Legislation that overwhelmingly passed the Maryland House of Delegates and is headed for consideration in the State Senate would deprive consumers, employees, and businesses of the opportunity to use arbitration as a forum for resolving disputes.

House Bill 729 would render unenforceable any written agreement made before a dispute arises that waives or has “the practical effect of waiving the rights of a party to that agreement to resolve the dispute by obtaining relief as a representative or as a member of a class of similarly situated persons.”

Some state and federal courts outside Maryland have invalidated class action waivers in arbitration agreements, but none has held that class action waivers are per se invalid. Nor has the federal government or any state enacted a similar bill. However, if this legislation clears the Maryland Senate, it is likely similar bills will appear in other state legislatures.
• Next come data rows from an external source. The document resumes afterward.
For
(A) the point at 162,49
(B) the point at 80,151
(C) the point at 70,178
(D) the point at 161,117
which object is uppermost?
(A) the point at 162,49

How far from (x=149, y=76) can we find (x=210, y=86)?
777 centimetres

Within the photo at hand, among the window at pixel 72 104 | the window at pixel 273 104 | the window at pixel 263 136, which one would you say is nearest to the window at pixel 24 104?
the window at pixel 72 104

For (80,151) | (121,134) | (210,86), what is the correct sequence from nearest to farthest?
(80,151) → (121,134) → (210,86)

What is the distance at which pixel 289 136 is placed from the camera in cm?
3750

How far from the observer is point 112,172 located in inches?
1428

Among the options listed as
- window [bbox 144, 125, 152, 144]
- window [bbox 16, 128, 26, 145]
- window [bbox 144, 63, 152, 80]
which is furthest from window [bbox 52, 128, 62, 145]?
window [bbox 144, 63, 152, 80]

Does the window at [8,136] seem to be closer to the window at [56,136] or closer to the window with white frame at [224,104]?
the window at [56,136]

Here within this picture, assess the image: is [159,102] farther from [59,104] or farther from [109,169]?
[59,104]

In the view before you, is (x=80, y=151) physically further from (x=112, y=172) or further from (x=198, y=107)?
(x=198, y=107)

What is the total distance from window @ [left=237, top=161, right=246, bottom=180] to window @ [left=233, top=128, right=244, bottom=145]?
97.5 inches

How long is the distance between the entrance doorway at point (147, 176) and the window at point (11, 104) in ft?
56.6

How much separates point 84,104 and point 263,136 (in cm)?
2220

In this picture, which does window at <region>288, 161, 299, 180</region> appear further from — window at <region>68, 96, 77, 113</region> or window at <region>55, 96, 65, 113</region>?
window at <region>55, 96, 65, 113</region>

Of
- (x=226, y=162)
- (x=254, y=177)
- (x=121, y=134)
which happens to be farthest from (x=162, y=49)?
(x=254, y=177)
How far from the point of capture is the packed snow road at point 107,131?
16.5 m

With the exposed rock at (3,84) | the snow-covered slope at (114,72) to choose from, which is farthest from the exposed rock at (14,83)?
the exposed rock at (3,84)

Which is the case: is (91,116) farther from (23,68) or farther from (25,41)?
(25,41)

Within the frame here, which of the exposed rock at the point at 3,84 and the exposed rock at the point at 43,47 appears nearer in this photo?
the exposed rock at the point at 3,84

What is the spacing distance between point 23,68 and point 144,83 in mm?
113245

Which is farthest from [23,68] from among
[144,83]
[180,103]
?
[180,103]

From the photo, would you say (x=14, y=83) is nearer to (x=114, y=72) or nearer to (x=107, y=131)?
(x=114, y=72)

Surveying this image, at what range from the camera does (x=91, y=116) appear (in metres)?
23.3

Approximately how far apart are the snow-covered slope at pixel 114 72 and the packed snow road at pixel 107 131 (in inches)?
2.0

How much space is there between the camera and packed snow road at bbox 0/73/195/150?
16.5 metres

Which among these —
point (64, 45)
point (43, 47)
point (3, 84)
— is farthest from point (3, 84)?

The Senate Judicial Proceedings Committee has scheduled a hearing at 1 p.m. March 29, 2011, on the Bill, which passed the House by a vote of 108-32. (Click here for a history.)

The Bill does not mention arbitration but appears designed to invalidate class action waivers in arbitration agreements. If enacted, it would overrule the 2005 decision by Maryland’s highest court in Walther v. Sovereign Bank, 386 Md. 412, 872 A.2d 735, and a string of other State appellate opinions following it. Walther upheld the validity of a class action waiver in an arbitration agreement in light of “the strong policy made clear in both federal and Maryland law that favors the enforcement of arbitration provisions.”
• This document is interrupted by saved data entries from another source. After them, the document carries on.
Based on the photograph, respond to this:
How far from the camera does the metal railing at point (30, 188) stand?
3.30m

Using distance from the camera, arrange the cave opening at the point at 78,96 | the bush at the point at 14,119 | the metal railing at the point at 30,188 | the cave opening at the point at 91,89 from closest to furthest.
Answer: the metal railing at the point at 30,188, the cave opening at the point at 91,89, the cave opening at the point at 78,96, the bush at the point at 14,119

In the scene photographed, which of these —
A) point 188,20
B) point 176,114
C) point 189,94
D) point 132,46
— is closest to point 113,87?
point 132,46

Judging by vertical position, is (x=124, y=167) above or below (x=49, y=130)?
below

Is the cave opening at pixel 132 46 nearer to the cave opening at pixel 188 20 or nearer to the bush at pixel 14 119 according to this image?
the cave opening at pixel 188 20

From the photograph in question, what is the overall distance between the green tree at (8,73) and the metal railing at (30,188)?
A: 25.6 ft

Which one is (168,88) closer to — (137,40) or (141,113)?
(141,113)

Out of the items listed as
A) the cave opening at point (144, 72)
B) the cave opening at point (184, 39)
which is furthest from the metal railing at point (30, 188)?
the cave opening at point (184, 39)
The Bill applies broadly to all types of arbitration agreements with class action waivers, including contracts between (1) businesses and consumers, (2) employers and employees, and (3) businesses and businesses, such as franchise agreements. Even negotiated contracts are covered. The Bill provides that the ban is to be retroactive and applied to any written agreement in existence on or after the date the law takes effect.

Court decisions outside Maryland that have invalidated class action waivers in arbitration agreements typically focused on arbitration provisions that the court considered to be unfair, such as a limitation on remedies or a requirement that the consumer bear arbitration fees exceeding court filing fees, and/or that had the effect of clearing defendants from liability because of the small dollar amount of the claims and the belief that the consumers would not have been able to find attorneys willing to represent them in individual arbitrations. In contrast, House Bill 729 would ban all class action waivers regardless of the nature of the contract, the type or dollar amount of the claim(s), and/or the consumer’s ability to find representation.

(Click here for “A Scorecard on Where Federal and State Appellate Courts and Statutes Stand on Enforcing Class Action Waivers in Pre-Dispute Consumer Arbitration Agreements.”)

The Bill raises serious constitutional questions. Section 2 of the Federal Arbitration Act (FAA) requires courts to enforce written arbitration agreements except “upon such grounds as exist at law or in equity for the revocation of any contract.” However, the Bill aims to invalidate a specific type of contract—an agreement containing a class action waiver. In AT&T Mobility, LLC v. Concepcion, the U.S. Supreme Court is poised to decide whether a state policy favoring class actions can override Section 2 ’s broad command to enforce arbitration agreements as written. (Click here for a prior legal alert on Concepcion.)

In seeking to retroactively apply the legislation to agreements predating its effective date of October 1, 2011, it may be contrary to the Contracts and Due Process Clauses of the U.S. Constitution. If the Bill becomes law, consumers, employees, and businesses will be deprived of opportunities to use arbitration as a forum for resolving disputes.

Empirical data shows that arbitration is faster and more cost-effective than the courts for resolving disputes. The data also establishes that consumers and employees do at least as well in arbitration as they do in court. See, for example, the studies conducted by the Searle Civil Justice Institute of Northwestern University School of Law during 2009, which are published at C. Drahozal and S. Zyontz, “An Empirical Study of AAA Consumer Arbitrations,” 25 Ohio St. J. on Disp. Resol. 843 (2010), and C. Drahozal and S. Zyontz, “Creditor Claims in Arbitration and in Court,” 7 Hastings Bus. L. J. 77 (2011).

There is no empirical data showing that consumers and employees are treated unfairly in arbitration or that class actions provide them with a better option of obtaining redress than pursuing individual claims in arbitration. Indeed, evidence demonstrates that consumers very seldom obtain meaningful relief as a member of a class and that the only real beneficiaries are plaintiffs’ class action lawyers.

Finally, the Bill would result in the already overburdened Maryland courts becoming a magnet for class actions that might otherwise have been brought in other states.